** Extracted entries follows **

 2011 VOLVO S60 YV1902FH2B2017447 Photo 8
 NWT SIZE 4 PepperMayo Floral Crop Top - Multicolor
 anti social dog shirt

** End of Extracted entries **
** Extracted entries follows **

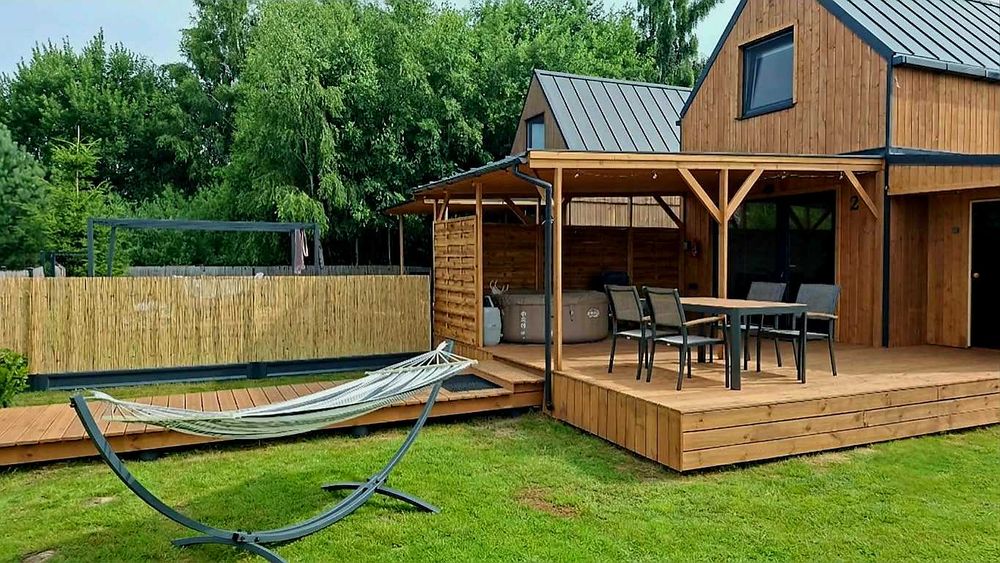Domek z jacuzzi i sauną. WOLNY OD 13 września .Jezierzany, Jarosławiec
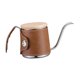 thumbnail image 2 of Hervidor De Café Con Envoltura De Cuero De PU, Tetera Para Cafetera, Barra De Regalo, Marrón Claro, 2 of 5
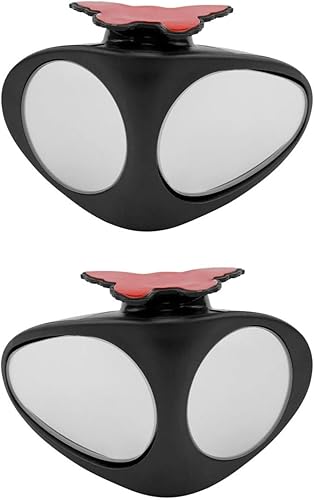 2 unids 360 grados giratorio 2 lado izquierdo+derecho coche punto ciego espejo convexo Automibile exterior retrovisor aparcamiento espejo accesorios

** End of Extracted entries **

▶ _Task item_:
Output should consist of the lines above from the one with "Domek z jacuzzi" down to the one with "thumbnail image 2", exact and without pictures.

▶ _Reply_:
Domek z jacuzzi i sauną. WOLNY OD 13 września .Jezierzany, Jarosławiec
 thumbnail image 2 of Hervidor De Café Con Envoltura De Cuero De PU, Tetera Para Cafetera, Barra De Regalo, Marrón Claro, 2 of 5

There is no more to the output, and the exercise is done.